For the entries that appear below, write out the exact text and omit the pictures.

BEGIN Data

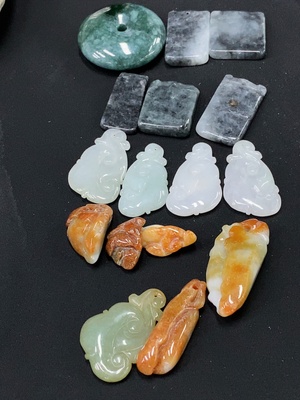 F29381420 Jadeite Pendant Sell as a Lot Color Origin Undetermined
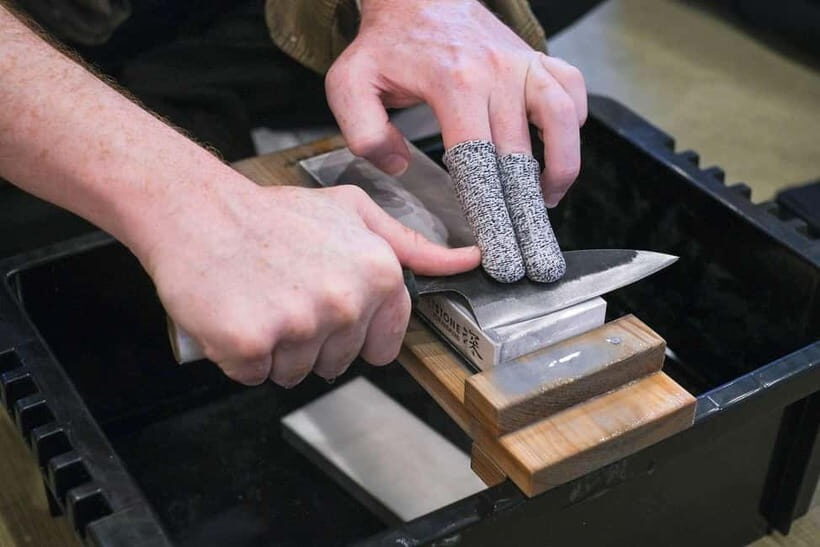 Tokyo: Knife Making Workshop (Sharpening, Engraving) - From the 5th floor of Heiwa Building to your first knife choice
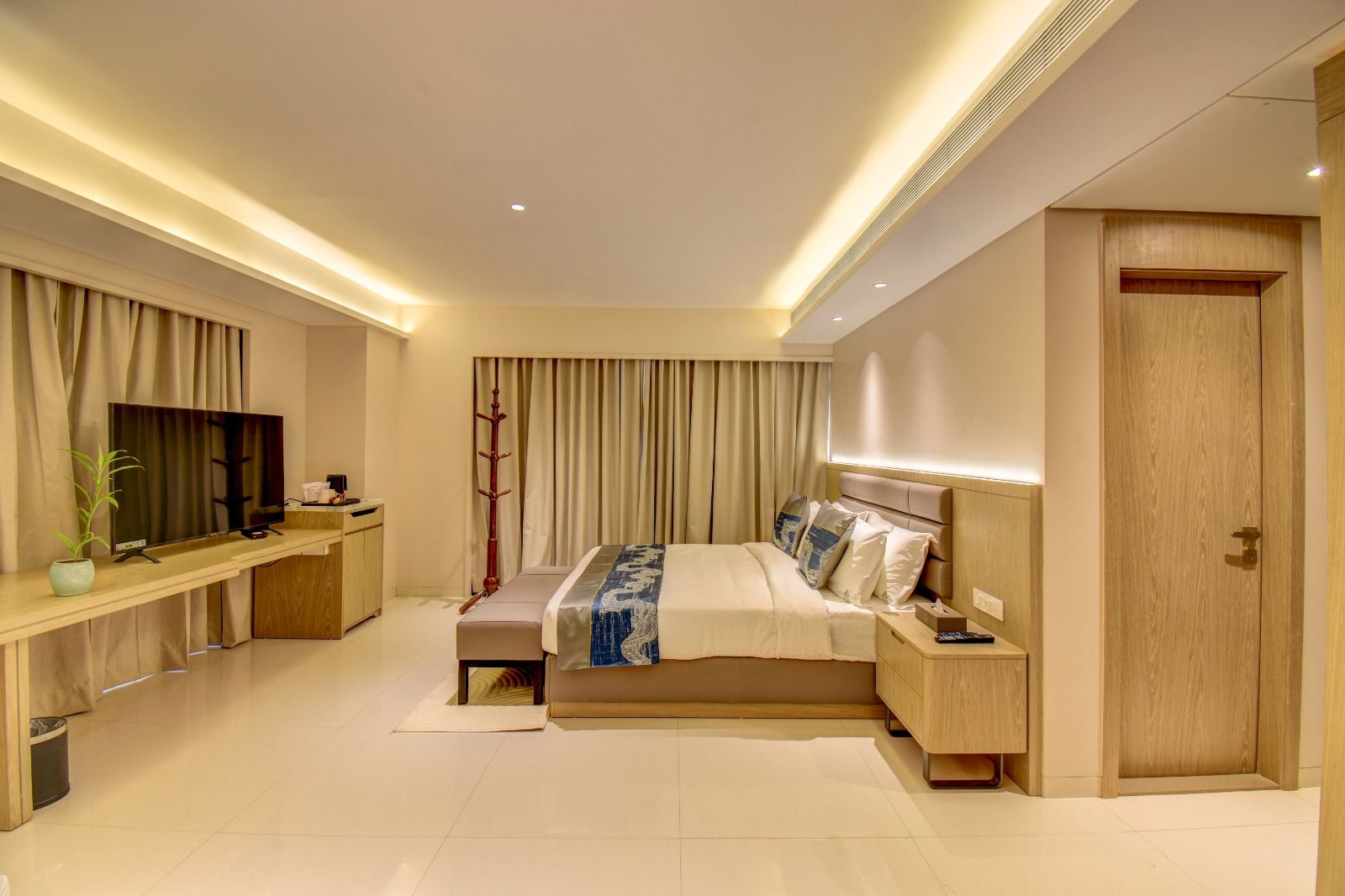 City Scape Suite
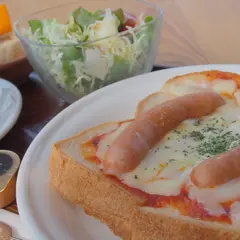 LUCAS cafe
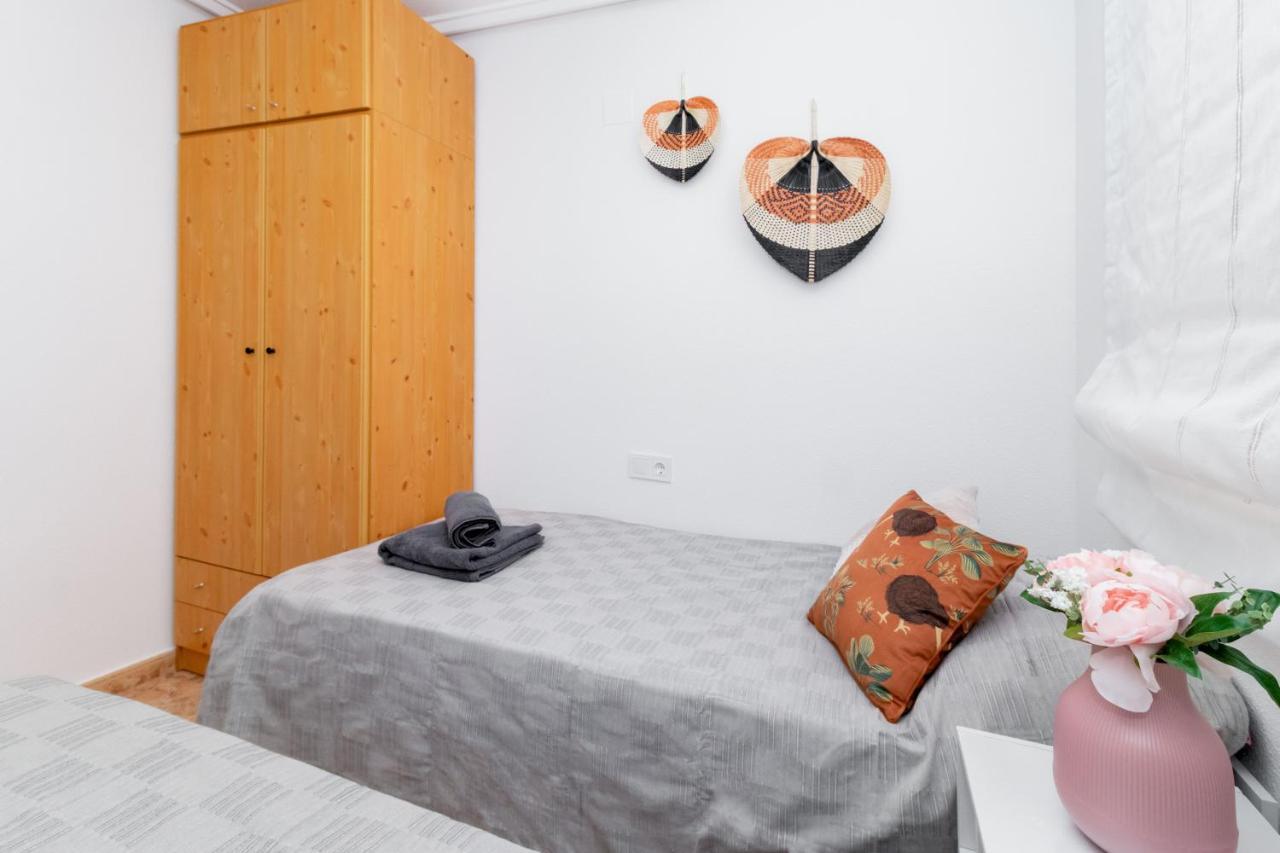 Piso En El Centro Apartman Torrevieja Kültér fotó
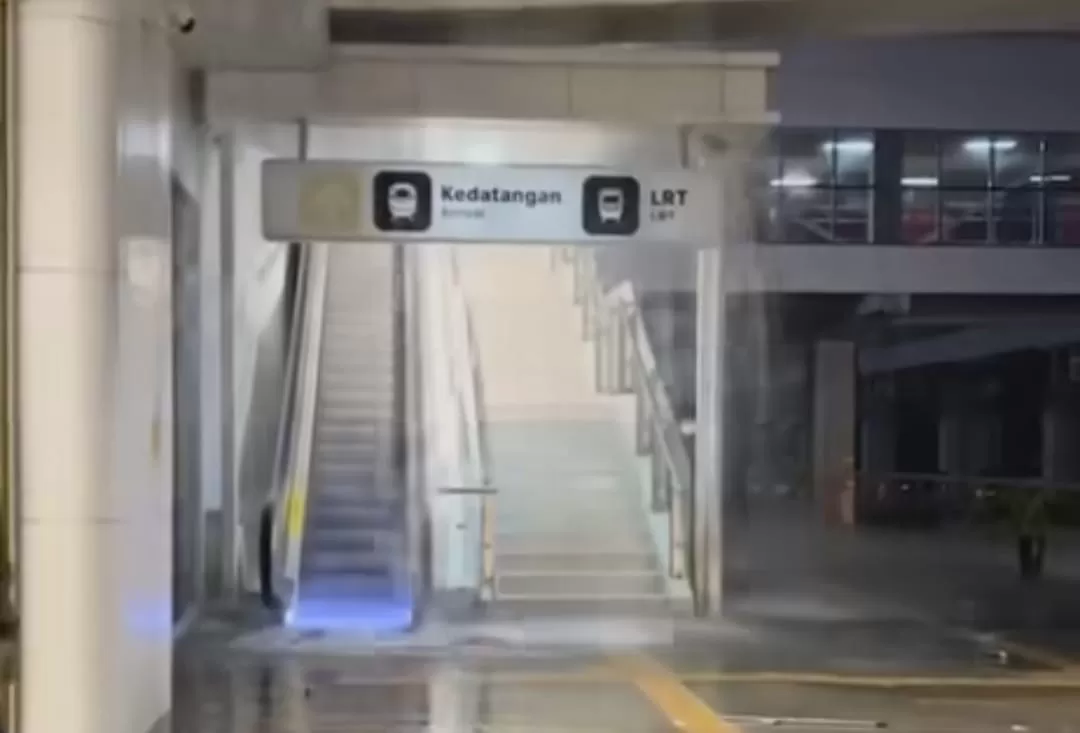 Atap Stasiun Kereta Cepat di Halim Bocor, Begini Kata KAI (Dok Tangkapan layar) 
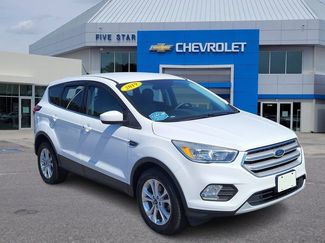 Used 2019 Ford Escape SE image 1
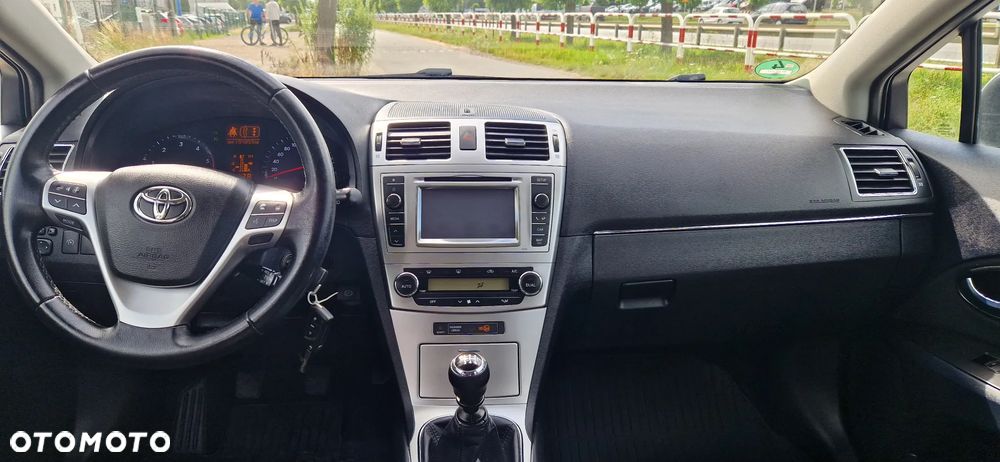 Toyota Avensis 2.2 D-4D Comfort - 17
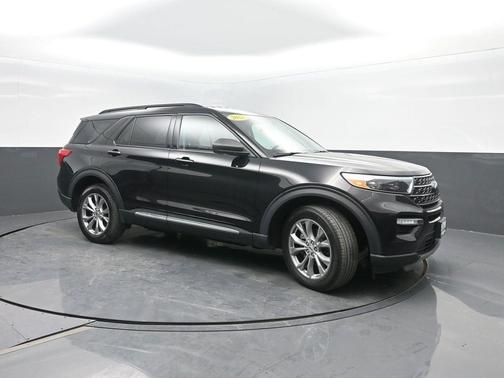 Agate Black Metallic 2022 Ford Explorer XLT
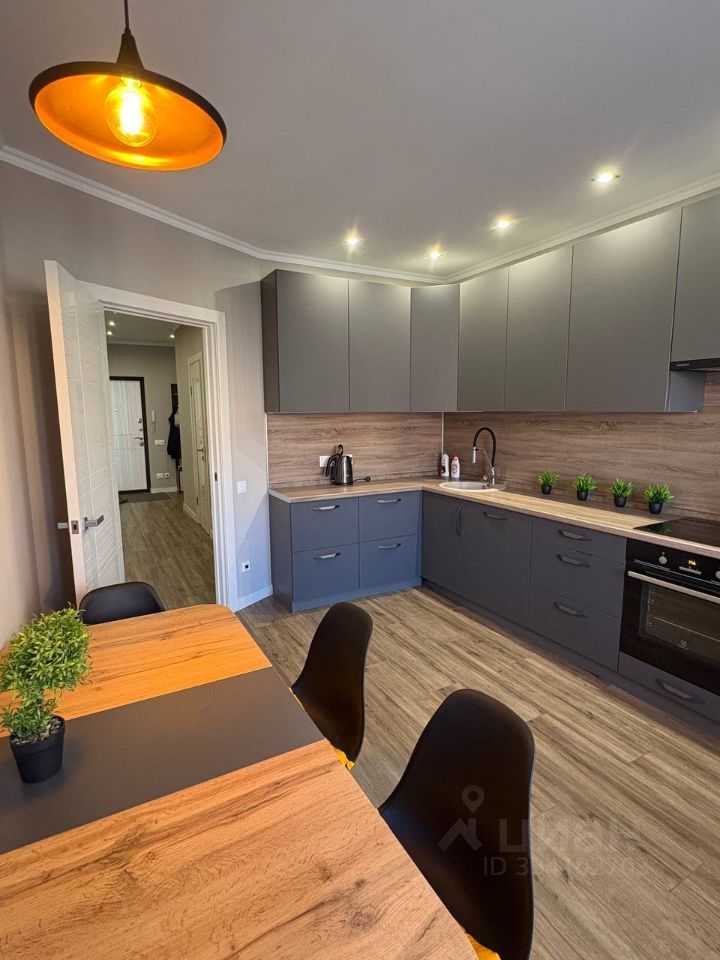 2-комнатная квартира, 72 м² — фотография 2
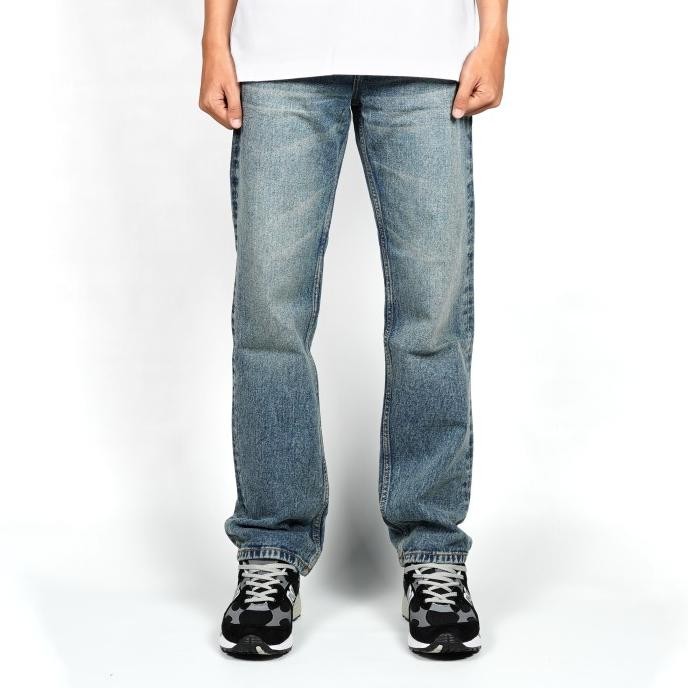 

BLUE- EASTWOOD DENIM PANTS REGULER BLUE BLEACH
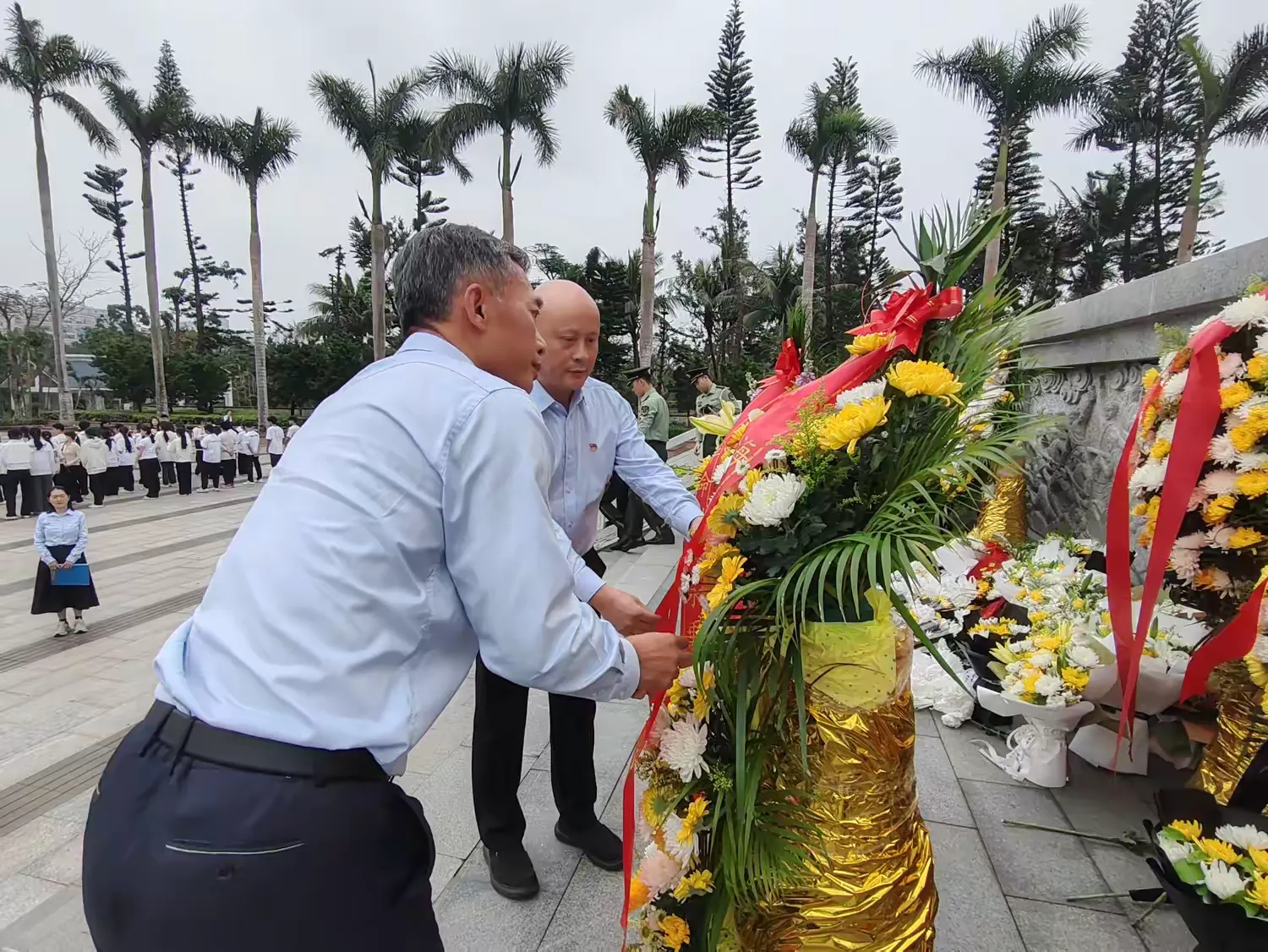 yl6809永利皇宫开展“清明祭英烈，奋进谱新篇”主题党日活动  清明时节，春风轻拂，为缅怀革命先烈丰功伟绩，接受红色精神洗礼熏陶，引导党员干部职工将革命传承融入推动公司各项事业高质量改革发展的实践中，2025(图3)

END Data

Solved exercise:
 F29381420 Jadeite Pendant Sell as a Lot Color Origin Undetermined
 Tokyo: Knife Making Workshop (Sharpening, Engraving) - From the 5th floor of Heiwa Building to your first knife choice
 City Scape Suite
 LUCAS cafe
 Piso En El Centro Apartman Torrevieja Kültér fotó
 Atap Stasiun Kereta Cepat di Halim Bocor, Begini Kata KAI (Dok Tangkapan layar) 
 Used 2019 Ford Escape SE image 1
 Toyota Avensis 2.2 D-4D Comfort - 17
 Agate Black Metallic 2022 Ford Explorer XLT
 2-комнатная квартира, 72 м² — фотография 2

BLUE- EASTWOOD DENIM PANTS REGULER BLUE BLEACH
 yl6809永利皇宫开展“清明祭英烈，奋进谱新篇”主题党日活动  清明时节，春风轻拂，为缅怀革命先烈丰功伟绩，接受红色精神洗礼熏陶，引导党员干部职工将革命传承融入推动公司各项事业高质量改革发展的实践中，2025(图3)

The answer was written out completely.